Gufron pun mendesak Presiden Joko Widodo segera melakukan reformasi peradilan militer dengan cara membuat Peraturan Pemerintah Pengganti Undang-Undang (Perppu) tentang perubahan sistem peradilan militer atau segera mengajukan revisi terhadap UU Peradilan Militer, dan kemudian DPR RI menyetujuinya.
“Presiden dan DPR tidak boleh diam apalagi takut untuk melakukan agenda reformasi peradilan militer. Presiden dan DPR jangan lari dari tanggung jawab konstitusionalnya untuk melakukan penegakan prinsip negara hukum yang di dalamnya mengharuskan adanya asas persamaan di hadapan hukum (equality before the law). Tidak boleh ada warga negara yang diistimewakan di hadapan hukum. Semua warga negara sama kedudukannya di hadapan hukum sehingga semua wajib diadili dalam peradilan yang sama jika terlibat kejahatan, yakni di dalam peradilan umum,” pintanya.

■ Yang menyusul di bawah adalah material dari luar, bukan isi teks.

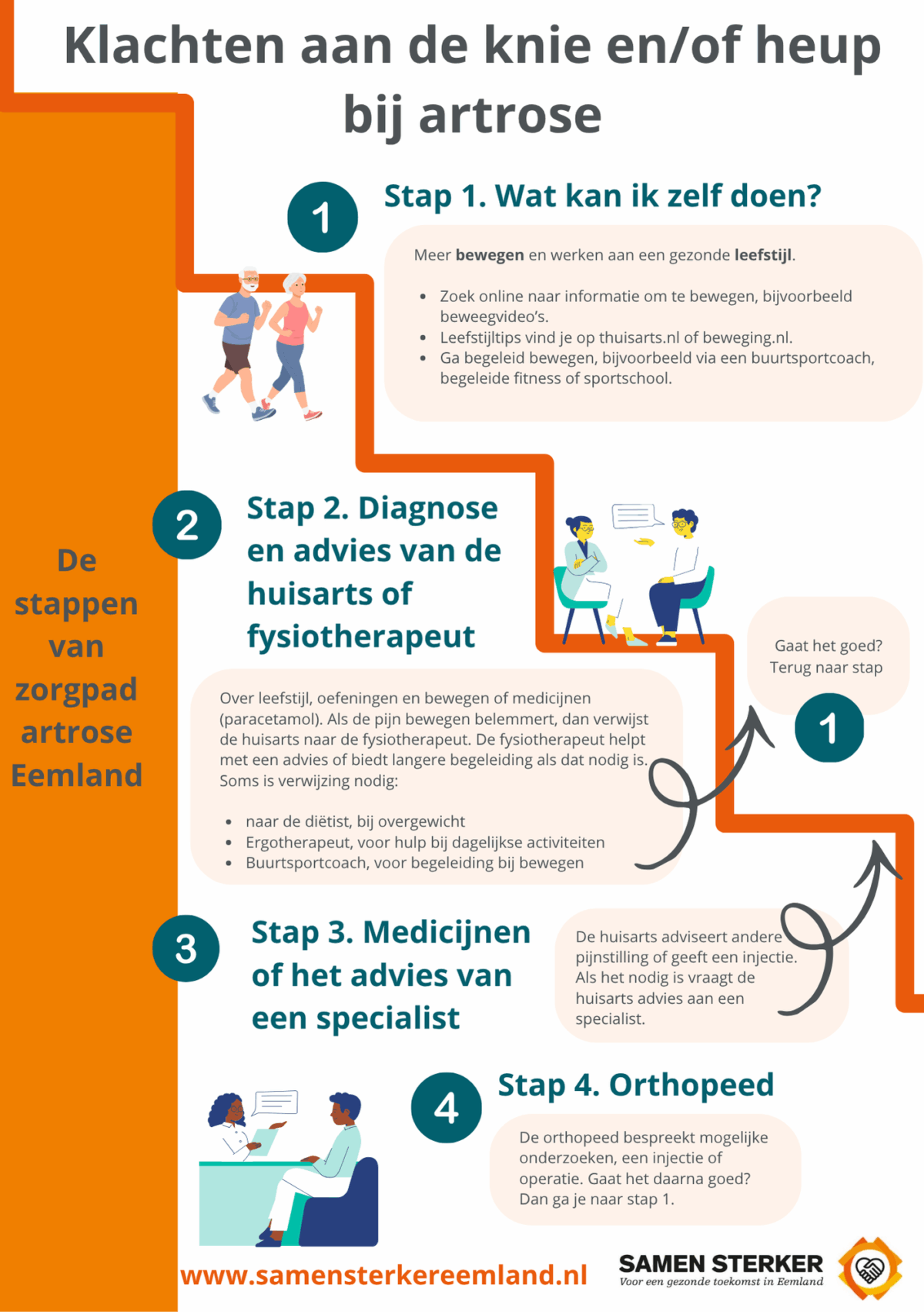 Infographic Klachten aan knie en/of heup bij artrose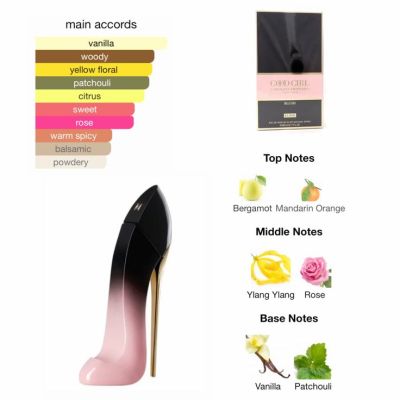 Good Girl Blush Elixir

Agenda reformasi peradilan militer, lanjut Gufron, adalah sebuah mandat rakyat yang telah dituangkan dalam Ketetapan (MPR) Nomor VII Tahun 2000 dan mandat UU Nomor 34 Tahun 2004 tentang TNI, khususnya Pasal 65. “Dengan demikian, tak ada alasan bagi Presiden dan DPR untuk tidak melakukan pembahasan revisi UU Nomor 31 Tahun 1997. Apalagi kasus kekerasan dan kejahatan (penculikan, pembunuhan, korupsi dll) terus berulang yang melibatkan oknum anggota militer. Reformasi peradilan militer adalah sebuah keharusan dan kewajiban konstitusional yang wajib dilakukan Presiden dan DPR,” tegasnya.
Gufron juga mendesak penyelesaian kasus penculikan dan pembunuhan terhadap Imam Masykur harus diadili dalam peradilan umum dan tidak melalui peradilan militer. “Kami juga mendesak Presiden dan DPR untuk segera melakukan reformasi peradilan militer dan tidak menunda-nundanya lagi. Penundaan proses reformasi peradilan militer akan membuka ruang besar berulangnya kejahatan dan kekerasan seperti dalam kasus Imam Masykur dan kasus lainnya,” tandasnya.